On voit bien comment cela peut nous concerner très directement dans ce que nous faisons au quotidien. Nous sommes occupés à vivre dans la patience de l’étude pour scruter les Ecritures, la tradition de l’Eglise, et tout ce qui fait la pensée et la culture de l’humanité. Cela paraît bien loin des routes évoquées. En vue de quoi faisons-nous tout cela ? La question vaut d’être posée, lorsque nous finissons une année, un cycle, lorsque nous franchissons une étape de notre vie.
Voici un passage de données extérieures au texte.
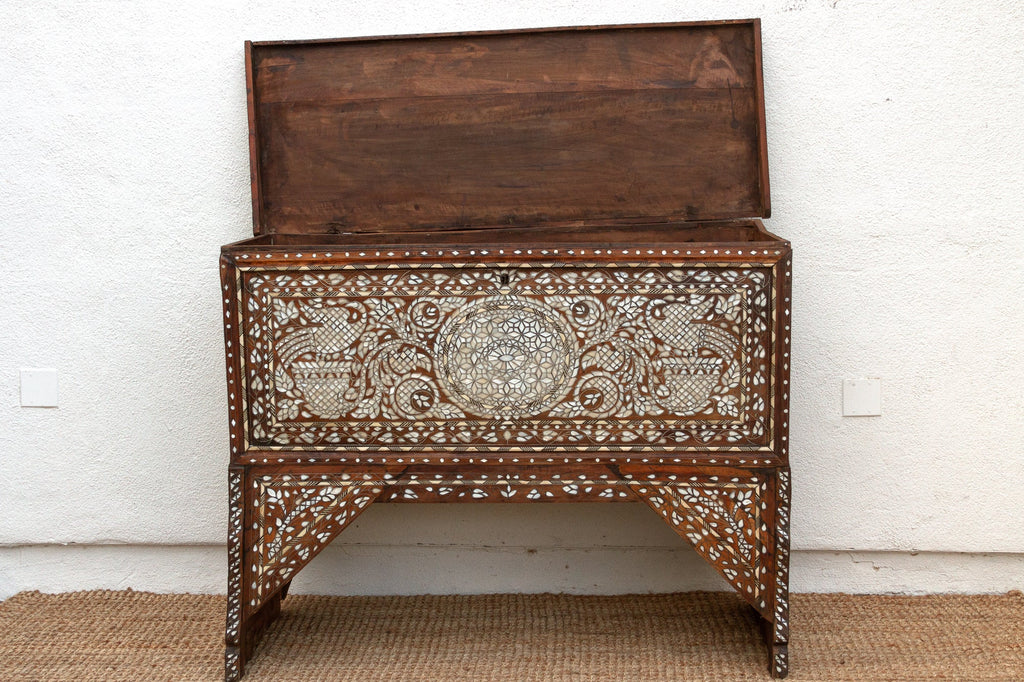 Magnificent Mother of Pearl Inlaid Dowry Chest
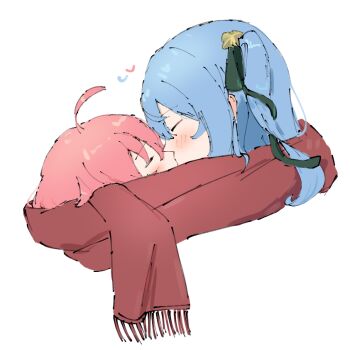 2girls ahoge blue_hair blush closed_eyes commentary hololive hoshimachi_suisei kiss multiple_girls one_side_up pink_hair red_scarf sae_tail sakura_miko scarf shared_clothes shared_scarf simple_background virtual_youtuber white_background yuri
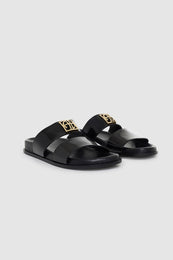 ANINE BING Parker Slides Monogram - High-Shine Black - Front Pair View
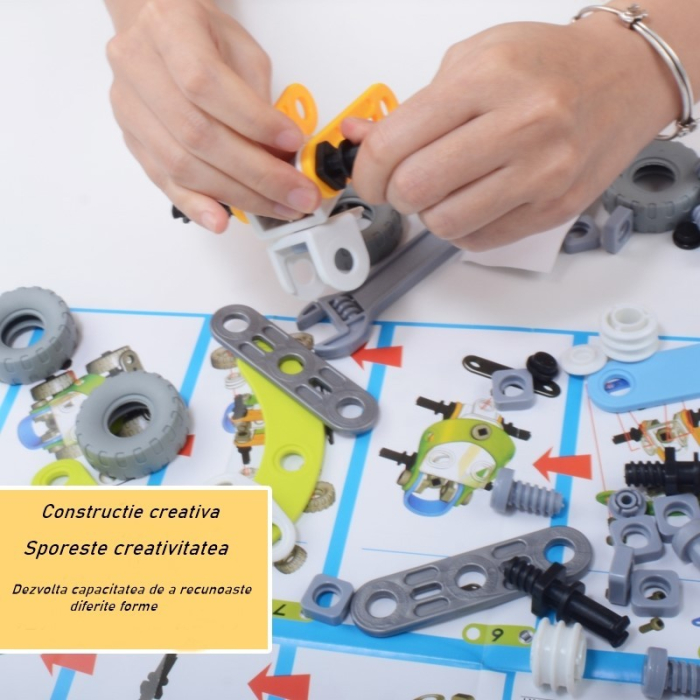 Set pentru construit masini, Flippy, Educativ si creativ, DIY, 132 piese [3]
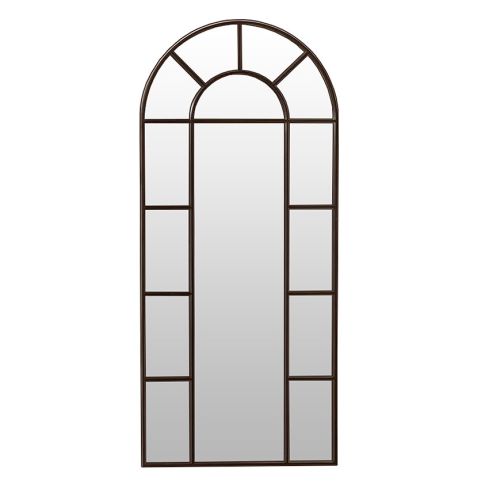 Espejo vertical tipo ventana con marco negro y arco superior Modelo Dublín 80x180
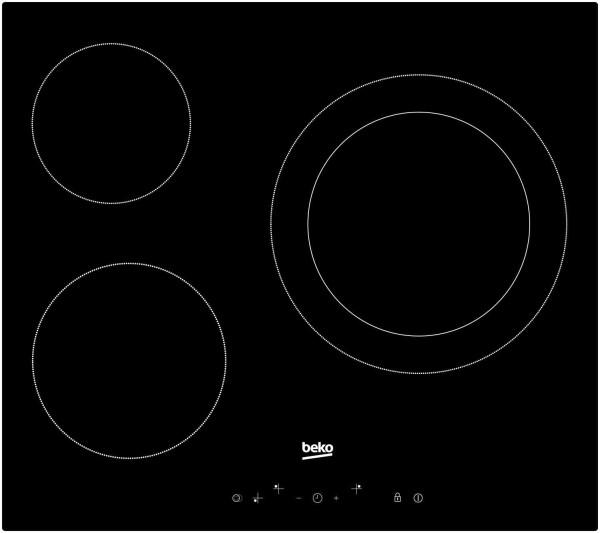 Placa Vitrocerâmica 3 Bocas (Preto) - BEKO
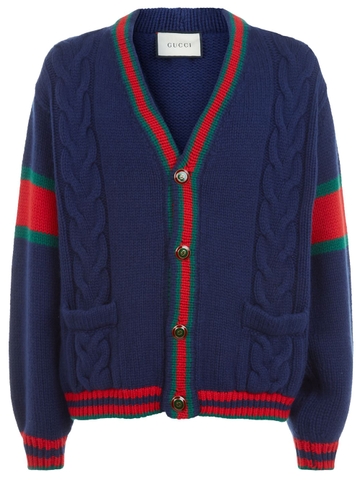 ÁO CARDIGAN GUCCI WITH WEB DETAIL CHUẨN 1:1 AUTHENTIC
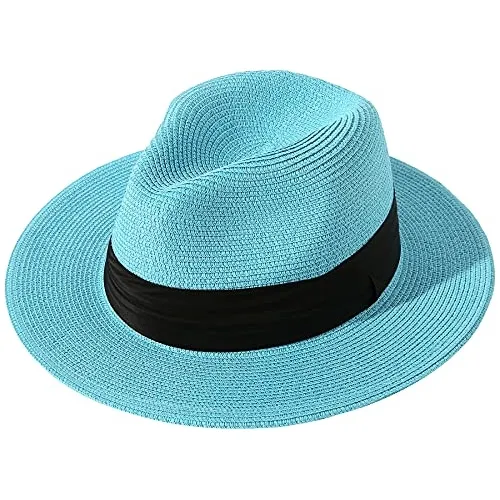 Sombrero De Paja Con Diseño Panamá De Ala Ancha Para Mujer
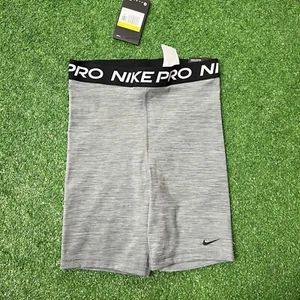 Nike Pro Shorts Sz Small Womens 365 Dri Fit High Waisted 8" Training Grey Black - Picture 1 of 7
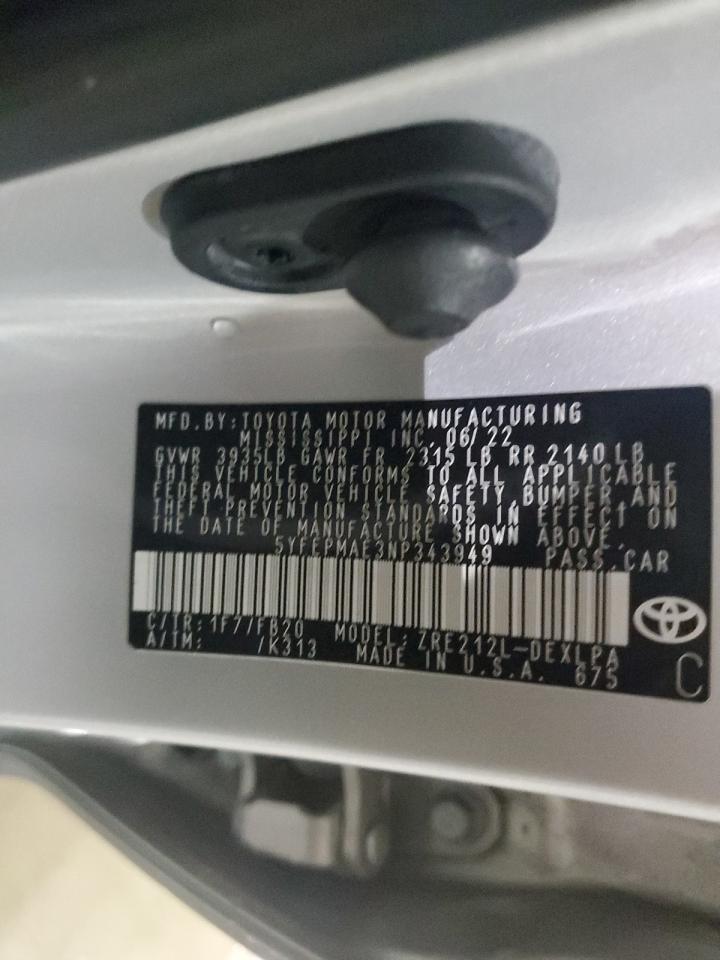 2022 TOYOTA COROLLA LE VIN:5YFEPMAE3NP343949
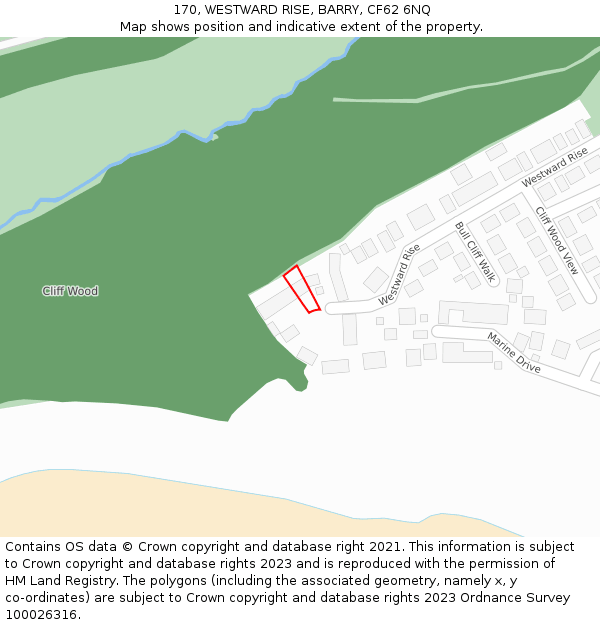 170, WESTWARD RISE, BARRY, CF62 6NQ: Location map and indicative extent of plot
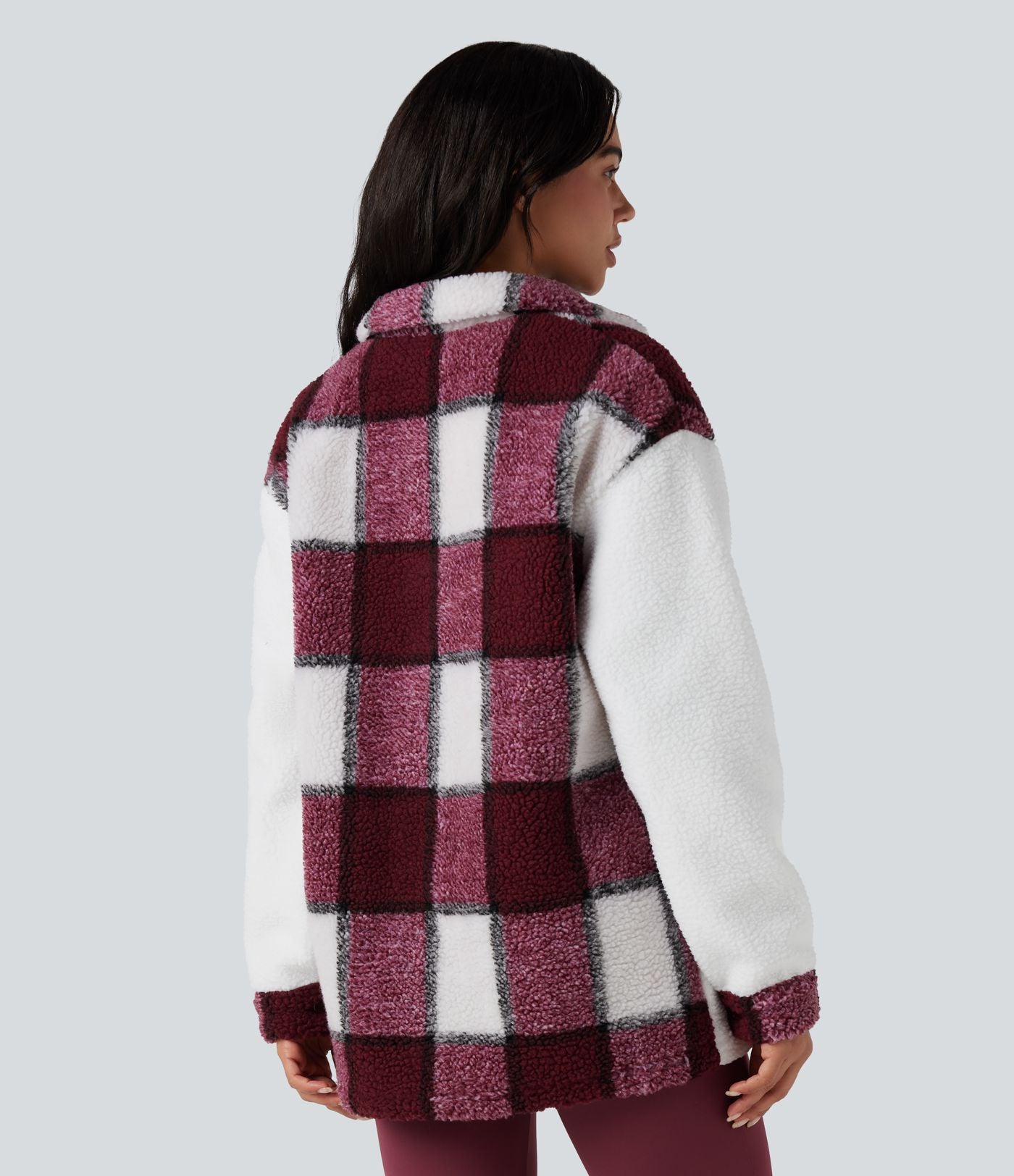 Veste sherpa carreaux color block manches longues avec poches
Le travail de la pensée n’a pas pour but d’empiler de l’érudition, ou de rendre plus subtile notre connaissance du Mystère de Dieu ; l’enjeu n’est pas de  complexifier ou de compliquer ; il est de simplifier notre savoir pour que l’essentiel se découvre dans sa nouveauté (mais cela demande beaucoup de travail) ; le but n’est surtout pas de fermer ou de durcir le cœur, et de se repaître de doctrine et de légalisme ; le monde d’aujourd’hui n’a pas besoin qu’on lui assène avec suffisance ce que l’on croit être des vérités. Il attend d’être visité par la Charité, celle dont nous parle si bien saint Paul ; il attend une inspiration pour vivre sa condition avec le plus de profondeur ; il espère un avenir. Comme Jésus, il nous faut emprunter des routes que nous ne connaissons pas, ou mal. Nous ne savons pas par où elles passeront. Mais nous avons confiance qu’elles ne finiront pas en impasses. Nous ne savons pas à l’avance ce que nous aurons à dire ou à faire chaque fois. Cela nous sera donné pour autant que nous aurons été façonnés par la bonté de Dieu.

 

Jésus est fils d’Adam, fils de David, fils bien aimé de Dieu. Fils de la terre et fils du Père, pour que nous soyons nous-mêmes enfants de la terre et enfants d’un même Père : pour qu’en Dieu nous aimions le monde et soyons des artisans de réconciliation. Puisse alors le travail de l’intelligence être un acte de sagesse, une action de grâces envers ce Seigneur qui ne cesse de s’approcher de nous pour qu’ensemble nous soyons présents à la terre d’une manière toujours plus vraie. Alors nos énergies n’auront pas été déployées sans effet.

 

Bonne route à chacun de nous, avec Jésus le Seigneur.